Вообще-то, говоря про батюшку, Зоя имела в виду своего мужа. Она же в курсе была, что своего священника тут отродясь не водилось. Но старушки решили, что она про местного пономаря Василия их спрашивает, и с самым уверенным и честным видом ответили:
— И-и-и, милая. Запировал батюшка. Неожиданно, да… Теперь до понедельника лучше и не искать его.
— Ага, — подтвердила вторая богомолица, — а то он во хмелю сильно буйным бывает.
— Да что вы говорите такое! — Возмутилась супруга, уверенная как в стойкости своего мужа перед зеленым змием, так и в том, что невозможно сколько-нибудь серьезно напиться за то время, пока он отсутствовал, — он же непьющий совсем!
— Все они непьющие до поры до времени, — философски отозвалась первая старуха, — а потом как бес в них вселяется.
— Да ну вас! — Отмахнулась Зоя от странных теток и поспешила к двери часовни. Заметила, что она приоткрыта.
— Врешь, с*ка, не уйдешь, нечистый! Я тебя и из геенны огненной достану, и в святой воде утоплю! — Услышала она яростный вопль своего благоверного и поспешила к нему, благо голос буквально из-за соседней двери раздавался.
Через минуту перед ней открылась ужасающая в своем первобытном варварстве картина: муж с перекошенным в праведном гневе лицом остервенело крушил еще остающиеся целыми полки, на топоре, словно боевая хоругвь, зацепившись, повис обрывок рясы священника. И запах! От запаха спиртного перехватывало дыхание.

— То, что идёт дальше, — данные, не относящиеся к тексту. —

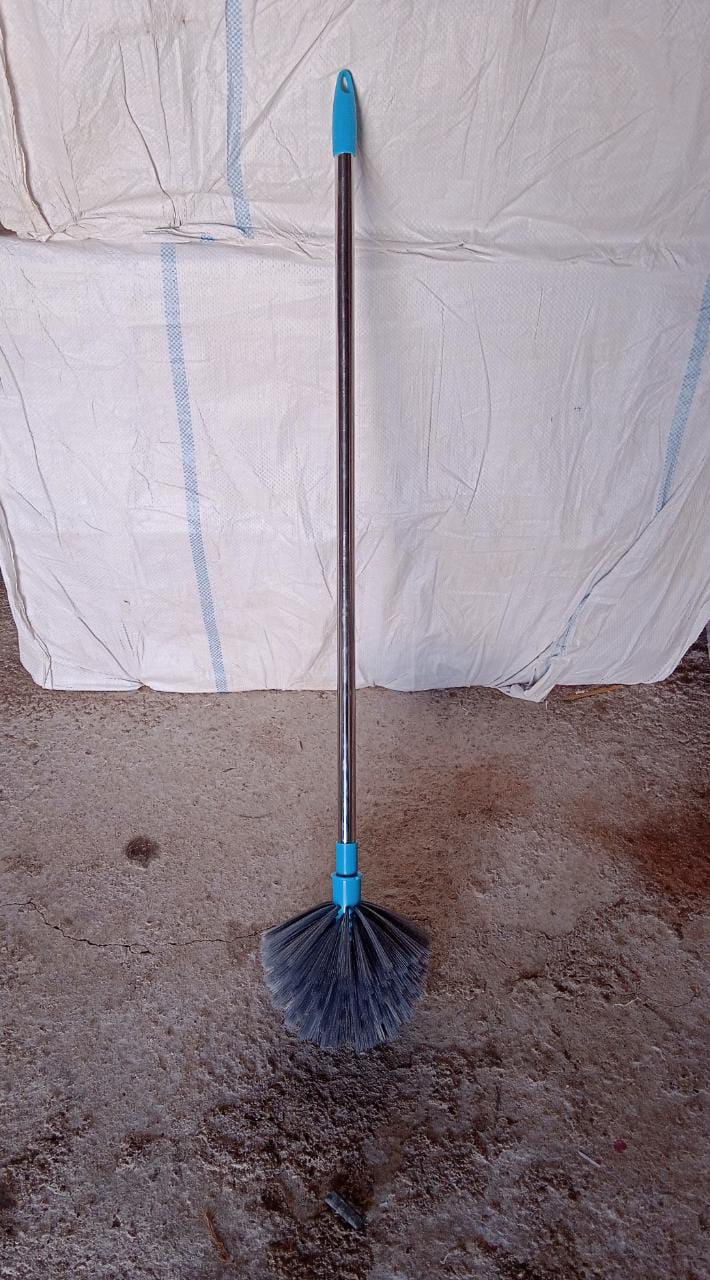 Cobweb Cleaning Brush – Extendable Steel Handle | Pro Clean - Image 8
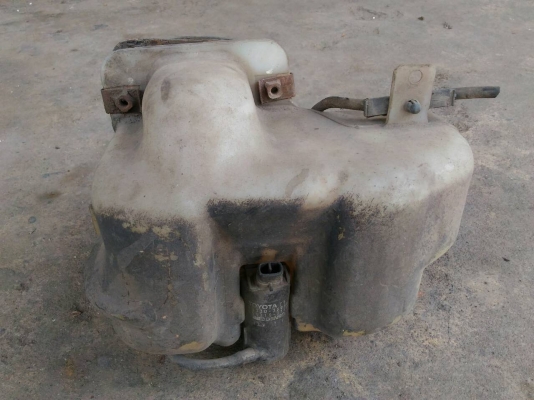 กระป๋องฉีดน้ำรถตู้หัวจรวด  500บาท อยู่ดอนเมือง TEL0890671028 IDline0890671028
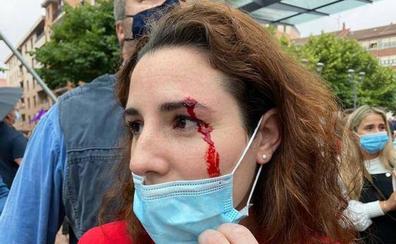 Herida por una pedrada la diputada De Meer durante un mitin de Vox en Sestao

Надо отдать должное храбрости этой неординарной женщины. Не обращая внимания на дикий, шальной взгляд своего мужа, она, не сгибая спины, лишь причитая и призывая успокоиться, двинулась в сторону буйствующего мужчины. И случилось чудо, достойное увековечения в текстах святых писаний. Рыкающий лев стал кротким агнцем и безропотно последовал за своей супругой сначала прочь из разнесенного им вдребезги склада, а потом и в салон вызванной машины скорой помощи. И даже топор согласился отдать почти без возражений.
Врач психиатр Юрий Петрович Загуменов, совершая свой утренний обход, в очередной раз задумался о вопиющем несовершенстве их мира. Причем, несовершенство это, судя по стремительно прибывающему контингенту в их больнице, все больше усугубляется.
— Доктор! Не бери грех на душу, отпусти меня немедленно! Я абсолютно нормальный! — О! А это новый пациент, помещенный в ВИП-палату их отделения, благо абрек, лежащий здесь, успел вовремя сбежать от мести заявившихся в больницу кровников, а второго, полковника полиции, не так давно благополучно выписали.
Юрий Петрович с интересом принялся изучать, что же там написал доктор Ураков, дежуривший в эту ночь в приемном покое. Так-так, настоящий батюшка священник, допившийся до белой горячки и принявшийся гонять розовых чертей прямо в стенах церковной ризницы, не удивительно, что его даже без всякого согласования в привилегированную палату засунули. Редкая птица к ним залетела.
— То есть вы считаете, святой отец, что это нормально, видеть розовых чертей и гоняться за ними с топором? — Уточнил доктор, зачитав анамнез составленный Ураковым.
— Да не черт то был, а обычная розовая крыса. Только верткая очень. — Взмолился батюшка, словно подобное уточнение что-то кардинально меняло.
Ну, собственно, Юрий Петрович именно об этом и объявил. Хотя… на самом деле, кое-что все-таки меняло. Дело в том, что пациент, видящий вместо традиционных зеленых чертей розовых крыс, уже не первый был, и даже не второй. Как говорится: один раз — случайность, два — совпадение, но три — уже закономерность. С развитием общества меняются и общеизвестные символы его явлений. Вот доктор Загуменов и принялся выспрашивать батюшку, что могло его мозги именно в направлении розовых крыс вывихнуть. Поп сердился, матерился, обещал проклянуть, но вцепившийся в него бультерьером мозгокрут все не унимался, задавая новые и новые вопросы на тему ассоциаций на розовый цвет и детских обид со стороны грызунов.
— Тьфу! Чтобы тебе, доктор, самому эта розовая крыса явилась! — Обиделся вконец отец Кирилл и, отвернувшись к стенке, отказался отвечать на дальнейшие вопросы.
Впрочем, пока психиатру для написания научной работы «О трансформации символов бессознательного в процессе развития общественного сознания» и полученных ответов на вопросы хватит.